Cannon fire announced the start of the procession: Minute guns boomed near St. John’s Church, City Hall, and the Capitol. At churches and firehouses, every bell in Washington tolled. They tolled too in Georgetown and Alexandria. In later years, witnesses recalled the sound of the day as much as the sight of it. Tad Lincoln emerged from seclusion to join the procession, and he and his brother Robert rode in a carriage behind the hearse. The mile-and-a-half trip between the White House and the Capitol took Abraham Lincoln past familiar places—the Willard Hotel, where he had spent his first night in Washington as president-elect; Mathew Brady’s studio, where he had gone to pose for many photographs. His hearse also carried him past the National Hotel, where he had once spoken from the balcony to a regiment of Union soldiers, and where his assassin had spent his last night on the eve of the murder. The procession was immense and included every imaginable category of marcher: military officers from the army, navy, and Marine Corps; enlisted men; civil officials; judges; diplomats; and doctors—“physicians to the deceased,” read the printed program. One corps of marchers suggested the cost of the war: wounded and bandaged veterans, many of them amputees missing arms or legs, many on crutches. The procession was immense and took two hours to pass a given point. Indeed, when the front of the column reached the Capitol, the rear had still not cleared the Treasury Department.

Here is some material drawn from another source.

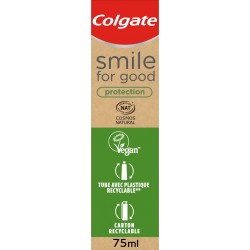 Colgate Dentifrice Smile for Good 75g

George Alfred Townsend described the arrival of the remains at the Capitol:

“The cortege passed to the left [north] side of the Capitol, and entering the great gates, passed the grand stairway, opposite the splendid dome, where the coffin was disengaged and carried up the ascent. It was posted under the bright concave, now streaked with mournful trappings, and left in state, watched by guards of officers with drawn swords. This was a wonderful spectacle, the man most beloved and honored in the ark of the republic…Here the prayers and addresses of the noon were rehearsed and the solemn burial service read.”

When the soldiers carried the flag-draped coffin up the stairs, they walked past the very spot where Lincoln had delivered his second inaugural address. That day began stormy, but as Lincoln began to speak, the sun burst through the clouds. On the day of his funeral it was beautiful and clear. The crowds watched in silence as the soldiers carried the coffin inside and laid it upon a catafalque in the center of the rotunda. Many of the people waiting to enter the Capitol to view the corpse had been there six weeks earlier and had heard Lincoln deliver his inaugural address. They marveled at this terrible reversal of fortune.

CHAPTER SEVEN
“The Cause Is Not Yet Dead”

W
hen Jefferson Davis rode into Charlotte on April 19, its citizens were not happy to see him. North Carolina had sent more men into action in the battle at Gettysburg than any Confederate state but Virginia—they suffered heavy casualties in Pickett’s Charge—and the people of Charlotte no longer felt the enthusiasm for the Confederacy that the state’s valiant sons had demonstrated at Gettysburg two years earlier. Only one man, Lewis F. Bates, a transplanted Yankee, would allow Davis to set foot in his home.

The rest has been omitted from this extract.